Goal of the exercise: Exactly the line with "Esport vector logo" and the lines that follow it, through the closing line of the entries, should be restated, with nothing left out or added.

╭─ Dataset

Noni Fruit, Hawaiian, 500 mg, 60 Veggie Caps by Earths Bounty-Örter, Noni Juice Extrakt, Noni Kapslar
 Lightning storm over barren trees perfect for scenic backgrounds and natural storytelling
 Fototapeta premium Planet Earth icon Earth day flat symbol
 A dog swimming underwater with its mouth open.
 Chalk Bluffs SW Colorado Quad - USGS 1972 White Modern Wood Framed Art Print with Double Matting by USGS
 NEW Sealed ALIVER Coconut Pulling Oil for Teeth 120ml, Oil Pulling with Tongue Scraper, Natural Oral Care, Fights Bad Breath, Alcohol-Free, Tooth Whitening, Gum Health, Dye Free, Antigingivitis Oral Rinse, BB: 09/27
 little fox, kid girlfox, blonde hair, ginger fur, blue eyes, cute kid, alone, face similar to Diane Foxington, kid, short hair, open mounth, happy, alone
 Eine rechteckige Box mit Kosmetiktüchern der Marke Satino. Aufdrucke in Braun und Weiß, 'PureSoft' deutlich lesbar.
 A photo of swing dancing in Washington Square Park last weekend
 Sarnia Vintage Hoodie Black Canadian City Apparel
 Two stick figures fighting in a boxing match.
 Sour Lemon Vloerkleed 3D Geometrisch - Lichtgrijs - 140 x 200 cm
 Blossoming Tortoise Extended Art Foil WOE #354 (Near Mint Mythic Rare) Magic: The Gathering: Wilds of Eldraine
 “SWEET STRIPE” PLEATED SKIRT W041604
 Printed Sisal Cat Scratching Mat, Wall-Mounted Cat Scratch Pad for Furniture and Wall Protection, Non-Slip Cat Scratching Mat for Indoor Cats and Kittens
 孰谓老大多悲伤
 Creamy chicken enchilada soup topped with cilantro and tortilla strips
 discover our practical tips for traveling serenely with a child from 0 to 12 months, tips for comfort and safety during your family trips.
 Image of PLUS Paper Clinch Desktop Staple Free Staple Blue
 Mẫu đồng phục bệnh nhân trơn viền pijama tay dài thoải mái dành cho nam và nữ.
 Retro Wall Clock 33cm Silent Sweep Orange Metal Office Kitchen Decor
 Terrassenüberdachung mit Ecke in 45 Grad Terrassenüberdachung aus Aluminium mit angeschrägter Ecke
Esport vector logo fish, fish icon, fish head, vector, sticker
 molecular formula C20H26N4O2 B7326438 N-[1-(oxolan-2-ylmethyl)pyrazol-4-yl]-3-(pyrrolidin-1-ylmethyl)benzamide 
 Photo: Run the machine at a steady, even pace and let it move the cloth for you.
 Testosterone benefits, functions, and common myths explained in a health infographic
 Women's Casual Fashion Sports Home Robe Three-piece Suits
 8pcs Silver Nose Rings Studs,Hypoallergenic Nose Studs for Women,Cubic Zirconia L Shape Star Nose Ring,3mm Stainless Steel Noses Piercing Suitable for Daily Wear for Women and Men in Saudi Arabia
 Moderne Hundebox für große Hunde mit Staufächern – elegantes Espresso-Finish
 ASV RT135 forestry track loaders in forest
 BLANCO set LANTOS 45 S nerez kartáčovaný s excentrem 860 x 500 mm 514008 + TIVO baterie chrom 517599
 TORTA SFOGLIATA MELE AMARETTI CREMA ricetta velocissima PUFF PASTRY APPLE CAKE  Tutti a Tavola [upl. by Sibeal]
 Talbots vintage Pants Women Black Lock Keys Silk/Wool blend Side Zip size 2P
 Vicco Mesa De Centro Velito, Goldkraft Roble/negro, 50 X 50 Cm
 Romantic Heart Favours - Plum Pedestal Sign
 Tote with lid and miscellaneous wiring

╰─

Response:
Esport vector logo fish, fish icon, fish head, vector, sticker
 molecular formula C20H26N4O2 B7326438 N-[1-(oxolan-2-ylmethyl)pyrazol-4-yl]-3-(pyrrolidin-1-ylmethyl)benzamide 
 Photo: Run the machine at a steady, even pace and let it move the cloth for you.
 Testosterone benefits, functions, and common myths explained in a health infographic
 Women's Casual Fashion Sports Home Robe Three-piece Suits
 8pcs Silver Nose Rings Studs,Hypoallergenic Nose Studs for Women,Cubic Zirconia L Shape Star Nose Ring,3mm Stainless Steel Noses Piercing Suitable for Daily Wear for Women and Men in Saudi Arabia
 Moderne Hundebox für große Hunde mit Staufächern – elegantes Espresso-Finish
 ASV RT135 forestry track loaders in forest
 BLANCO set LANTOS 45 S nerez kartáčovaný s excentrem 860 x 500 mm 514008 + TIVO baterie chrom 517599
 TORTA SFOGLIATA MELE AMARETTI CREMA ricetta velocissima PUFF PASTRY APPLE CAKE  Tutti a Tavola [upl. by Sibeal]
 Talbots vintage Pants Women Black Lock Keys Silk/Wool blend Side Zip size 2P
 Vicco Mesa De Centro Velito, Goldkraft Roble/negro, 50 X 50 Cm
 Romantic Heart Favours - Plum Pedestal Sign
 Tote with lid and miscellaneous wiring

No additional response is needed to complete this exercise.